So, you are giving a negative review about a company that refunded you, either partially, or completely, from an order you placed, evidently during the winter time, and because the shipping store? held the box for extra days? I am not sure I fully understand your argument here. You bought fish, the shipper held them too long, shipped them, you received them after your shipper held them again, you received most dead, and were refunded? that sounds like honest business practice to me aside from the negligent shipping companies. So why are you leaving a negative comment about cichlidstorm? If anything, you should be leaving a negative one about the place that ships, seems they are at fault here.

my email: [email protected]


----------



## Cichlidman

Wayne you asked.. 
Don't start that here.


----------



## Blue Lagoon Pets

excuse me?
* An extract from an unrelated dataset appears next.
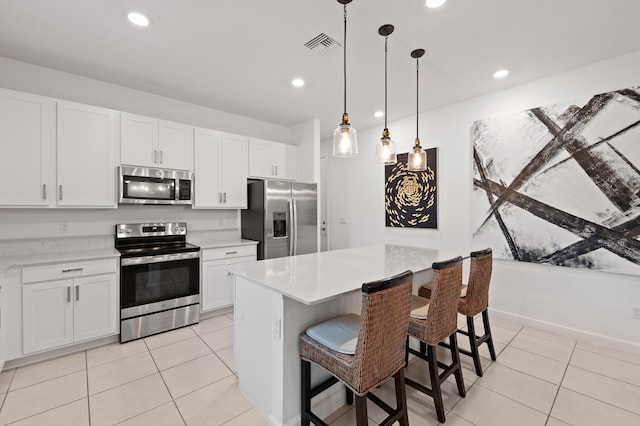 kitchen with hanging light fixtures, a kitchen island, a breakfast bar area, white cabinets, and appliances with stainless steel finishes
I think you may have me confused here. You have a very hole filled slandering type review, over which it seems, by your terms and words above, falsely directed at a business, not where it should be. Further more, my name is Eric, as it has always been. I was just deciphering what you were saying above. Reading it in black and white is all. I was not saying you were wrong or are wrong, just that the way you describe things, you seem to be blaming the wrong company. Have you ever ordered since and been faulted?


----------



## susankat

Lets calm down everyone. Each person is going to have their own opinions on mail order from different companies. People may have different opinions of one company, that is not saying that it is wrong.

I can understand waiting to send a shipment out due to weather, be it hot or cold but there should be some communication between both parties. My last order I had to wait a month for due to holiday then weather. But we kept in contact the entire time. My first order with this company went south fast, but decided to try them one more time and got excellant service from them. I would recommend them to others.

I would like to say though you should be careful on how you word things when your not happy with an order. You don't know if that person might be a member of this forum or has friends on this forum which can lead to liable lawsuits. Keep complaints civil and worded to where it is not stating anything inflammitory to protect yourself and this forum.


----------



## Blue Lagoon Pets

Susan, well said. Having dealt with this particular company before, for a good length of time, I am well aware of how well they construct business. The way I read what this cichlidman had said seemed biased and incomplete, albeit single sided argument. His story just doesn't add up to me to be blaming this company when he clearly stated the shipper held it, and he was refunded. Where is the negative business ethics in this?


----------



## Barb Okla

Dang, Thanks Blue Lagoon pets!! I could not have said better about cichildman's posts. WELL DONE!! 

This is not the only site he as posted this at.. Most of His posts have been deleted and he has been banned from other sites for his posts..

Saving them all cichlidman!! saving them all!! Barb


----------



## Cichlidman

Oh the whole gang is coming just please delete my account.


----------



## susankat

Please no pm's on either side of this. I'm not taking sides with anyone. I just want a calm discussion with no slandering so keep this civil or I will lock the thread.


----------